I bought an international flight via an online travel agent. Recently I received an email from the agent saying that the flight schedule has been changed by the airline. There was a button which I was supposed to click to confirm the change. I did not do that.

The new flight schedule forces me to have an overnight layover (and the new trip starts 1 day before the old one). I emailed the agent a few days ago asking whether it is possible to get some kind of compensation for that, possibly in the form of a hotel voucher.

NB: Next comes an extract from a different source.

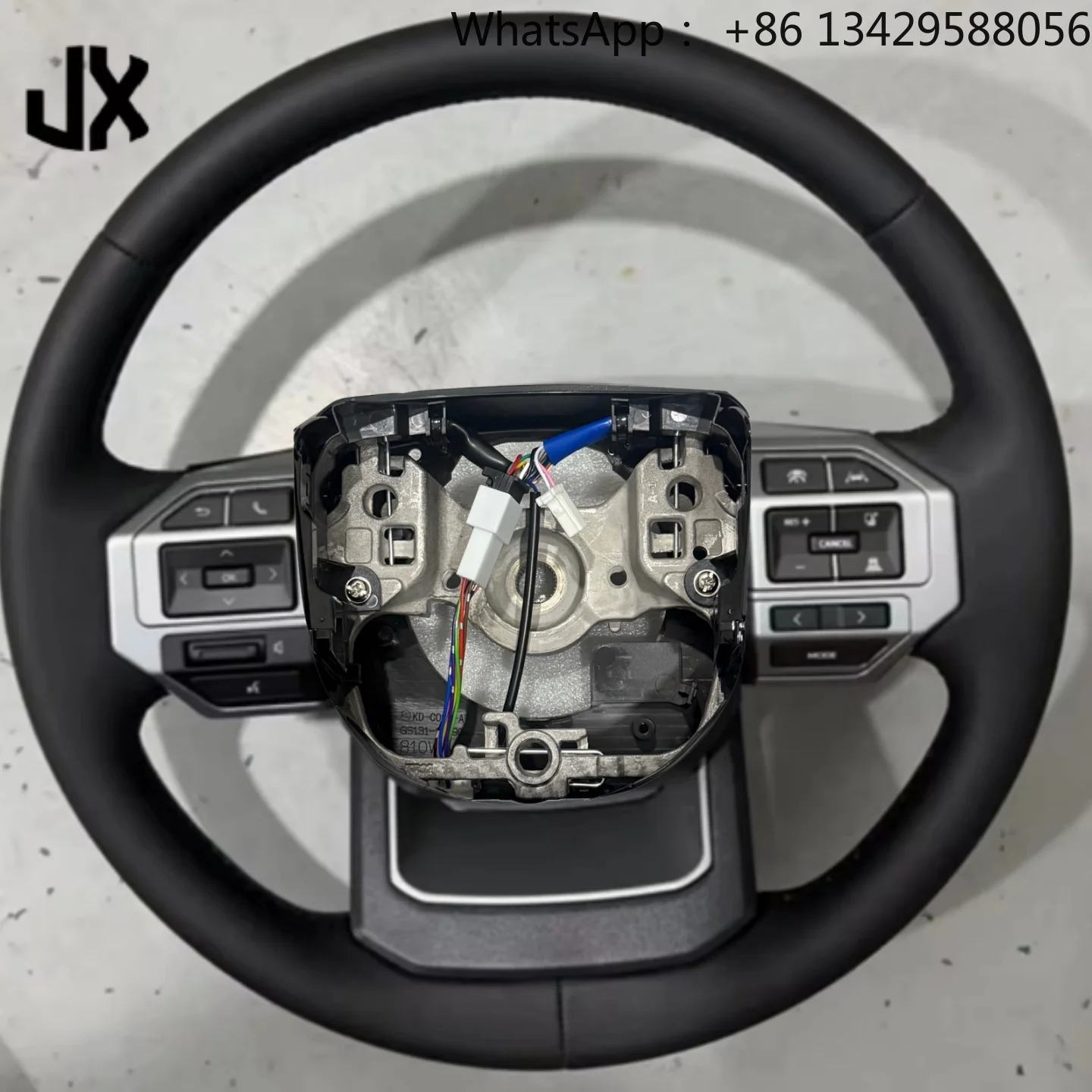 Custom Leather Carbon Fiber Steering Wheel for Toyota Prado 120 LC150 LC200 LC250 Hilux Land Cruiser Fortuner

I received no reply.

1) Should I email the airline with the same inquiry?

2) Assuming the modified flight is ORD-DFW-LAX-SYD (it was ORD-LAX-SYD), is acceptable to ask that the leg ORD-DFW-LAX be changed to X-LAX (possibly with layovers), where X is some other airport which would be more convenient than ORD for me?

I assume I can get a full refund (I have had a similar situation in the past, and the agency I booked with (not the one I'm talking about above) offered me one), but I don't want one because it was a very good deal, even if I have to pay for the hotel during the overnight layover.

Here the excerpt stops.